Thomas Campbell wrote, "The New Testament is as perfect a constitution for the worship,
discipline, and government of the New Testament Church, and as perfect
a rule for the particular duties of its members, as the Old Testament
was for the worship, discipline, and government of the Old Testament
Church, and the particular duties of its members."
Perhaps this has something to do with why the OT has historically been relegated to flying coach in the Restoration Movement’s hermeneutical airplane, while the NT flies business class, and Acts flies 1st class. In the emerging hermeneutic the seats are reassigned somewhat. Paul in coach, the Old Testament (especially the prophets) in business class, and the gospels (especially Luke) in first class.

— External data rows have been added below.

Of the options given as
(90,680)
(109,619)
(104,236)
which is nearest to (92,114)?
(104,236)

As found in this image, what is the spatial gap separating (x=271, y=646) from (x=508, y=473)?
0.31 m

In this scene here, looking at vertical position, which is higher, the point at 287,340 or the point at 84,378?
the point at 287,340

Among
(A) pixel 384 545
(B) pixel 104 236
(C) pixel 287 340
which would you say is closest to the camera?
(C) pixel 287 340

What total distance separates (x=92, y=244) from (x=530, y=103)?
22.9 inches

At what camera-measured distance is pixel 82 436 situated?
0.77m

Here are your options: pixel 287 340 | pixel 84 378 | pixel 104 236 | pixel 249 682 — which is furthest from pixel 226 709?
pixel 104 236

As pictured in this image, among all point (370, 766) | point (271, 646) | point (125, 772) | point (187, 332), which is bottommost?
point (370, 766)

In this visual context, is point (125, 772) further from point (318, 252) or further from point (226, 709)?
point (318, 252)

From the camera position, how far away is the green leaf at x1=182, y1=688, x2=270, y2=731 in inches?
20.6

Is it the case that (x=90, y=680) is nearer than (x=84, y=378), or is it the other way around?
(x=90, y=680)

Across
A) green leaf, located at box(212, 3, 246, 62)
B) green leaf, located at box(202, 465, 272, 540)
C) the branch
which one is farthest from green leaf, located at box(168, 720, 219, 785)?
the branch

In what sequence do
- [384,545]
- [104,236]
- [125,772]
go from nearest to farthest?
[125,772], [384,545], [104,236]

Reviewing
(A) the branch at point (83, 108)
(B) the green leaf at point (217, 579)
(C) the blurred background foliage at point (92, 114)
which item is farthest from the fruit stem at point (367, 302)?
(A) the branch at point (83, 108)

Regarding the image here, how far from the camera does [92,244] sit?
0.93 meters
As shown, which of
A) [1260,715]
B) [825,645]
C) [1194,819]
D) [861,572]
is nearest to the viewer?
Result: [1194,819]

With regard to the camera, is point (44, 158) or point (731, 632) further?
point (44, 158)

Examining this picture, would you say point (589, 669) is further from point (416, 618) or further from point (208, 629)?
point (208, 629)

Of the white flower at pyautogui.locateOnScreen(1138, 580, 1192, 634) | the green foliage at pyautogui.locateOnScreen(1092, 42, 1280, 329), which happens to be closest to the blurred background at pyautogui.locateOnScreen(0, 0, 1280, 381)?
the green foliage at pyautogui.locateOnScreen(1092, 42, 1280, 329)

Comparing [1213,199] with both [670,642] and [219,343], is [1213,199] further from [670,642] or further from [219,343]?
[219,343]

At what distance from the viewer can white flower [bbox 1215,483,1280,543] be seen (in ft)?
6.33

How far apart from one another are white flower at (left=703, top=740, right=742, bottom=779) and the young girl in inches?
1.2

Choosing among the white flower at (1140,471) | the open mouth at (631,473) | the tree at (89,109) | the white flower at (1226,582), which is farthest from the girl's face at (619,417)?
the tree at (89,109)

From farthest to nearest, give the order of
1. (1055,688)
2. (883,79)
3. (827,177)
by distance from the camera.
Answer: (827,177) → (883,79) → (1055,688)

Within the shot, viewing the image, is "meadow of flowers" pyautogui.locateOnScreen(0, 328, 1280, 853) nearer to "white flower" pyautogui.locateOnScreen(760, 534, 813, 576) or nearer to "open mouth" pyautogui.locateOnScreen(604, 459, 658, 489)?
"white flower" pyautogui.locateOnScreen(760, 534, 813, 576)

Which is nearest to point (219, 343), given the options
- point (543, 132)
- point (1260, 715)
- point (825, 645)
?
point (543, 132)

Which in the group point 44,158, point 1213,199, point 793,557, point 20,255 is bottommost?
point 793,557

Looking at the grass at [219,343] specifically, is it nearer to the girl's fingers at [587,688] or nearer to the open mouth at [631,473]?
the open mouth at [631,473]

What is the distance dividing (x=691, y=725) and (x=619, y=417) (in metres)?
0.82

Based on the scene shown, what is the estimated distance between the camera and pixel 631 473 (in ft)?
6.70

A couple of questions: First, is all of this OK?
Second: If the OT didn’t exist, what would we be missing?
That’s what I get for editing my comment. My first response mentioned the relevance of different aspects of the OT, but those didn’t make the final cut. Oh well.

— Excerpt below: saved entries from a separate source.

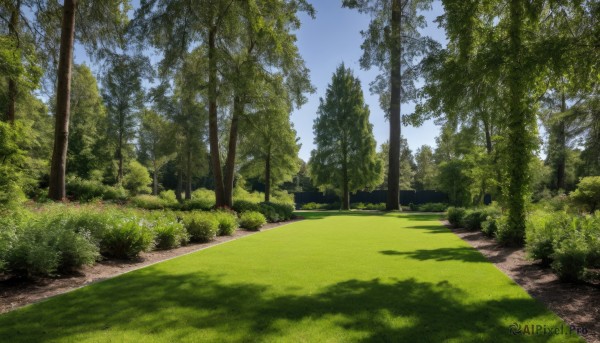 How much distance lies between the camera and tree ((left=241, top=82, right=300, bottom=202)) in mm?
18297

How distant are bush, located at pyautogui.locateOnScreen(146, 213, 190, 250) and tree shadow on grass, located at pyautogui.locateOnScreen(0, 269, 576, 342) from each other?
3.37 meters

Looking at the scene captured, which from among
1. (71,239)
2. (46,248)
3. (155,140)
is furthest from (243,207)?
(155,140)

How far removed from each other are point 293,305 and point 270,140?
52.9 ft

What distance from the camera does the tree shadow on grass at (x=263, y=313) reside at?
400 centimetres

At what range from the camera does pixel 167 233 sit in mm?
9547

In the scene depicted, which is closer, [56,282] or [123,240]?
[56,282]

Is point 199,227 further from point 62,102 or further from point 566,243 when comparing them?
point 566,243

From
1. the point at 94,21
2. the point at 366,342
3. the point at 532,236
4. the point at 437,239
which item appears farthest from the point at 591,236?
the point at 94,21

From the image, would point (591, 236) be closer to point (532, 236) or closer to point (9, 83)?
point (532, 236)

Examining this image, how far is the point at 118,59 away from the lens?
15195 mm

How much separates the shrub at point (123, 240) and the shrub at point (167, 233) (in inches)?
36.1

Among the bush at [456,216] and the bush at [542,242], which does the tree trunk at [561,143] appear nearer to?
the bush at [456,216]

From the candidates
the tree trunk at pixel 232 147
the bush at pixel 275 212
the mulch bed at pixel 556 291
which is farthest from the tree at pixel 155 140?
the mulch bed at pixel 556 291

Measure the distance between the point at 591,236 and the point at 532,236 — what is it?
5.44 feet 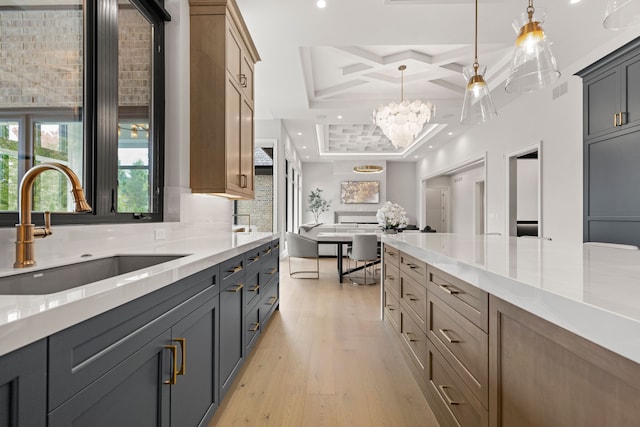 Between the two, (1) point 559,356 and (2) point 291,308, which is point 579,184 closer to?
(2) point 291,308

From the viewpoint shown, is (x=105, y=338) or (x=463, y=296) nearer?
(x=105, y=338)

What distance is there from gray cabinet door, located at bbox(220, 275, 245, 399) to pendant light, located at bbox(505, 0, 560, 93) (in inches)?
82.6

Brad’s right–the OT isn’t just an antiquated way of “making the cookie,” it is as much an ingredient in the recipe for the Kingdom of God as the NT is. And just maybe we can learn a little bit there about how an Almighty God interacts with the ones he loves.
I think the strength of the OT is found in its placement regarding the NT – it comes before it. Good news isn’t good unless there is something to compare it to. I believe the Bible is the narrative story of the redemption of mankind, and in my mind the OT serves as a detailed chronicling of why the cross was needed. Elevating one part of the story over the other is like saying butter is the most important part of a chocolate chip cookie recipe. In reality, you leave anything out and the recipe is ruined. All the ingredients are equally valuable.
I think there was wisdom is how the Bible was laid out. OT, Gospels, Acts, Epistles. It should be preserved in that order, studied in that order, taught in that order, and respected in that order for us to get the complete story of our redeeming.
(I wonder what Jesus would think of some simply carrying around a New Testament)
Does the OT have any relevance other than providing interesting information for the interpretation of the new?
Yes, it’s OK for us to reassign hermeneutical priority in the church. As followers of Jesus, we will always read the OT through the eyes of the Gospel story, but that shouldn’t stop us from reading it all together.
If the OT didn’t exist, one thing we would be missing is the narrative element of the OT. Paul is moving to coach in part because our culture speaks the language of narrative rather than that of a legal argument.
Well, for one thing, we’d be missing the Bible that Jesus read.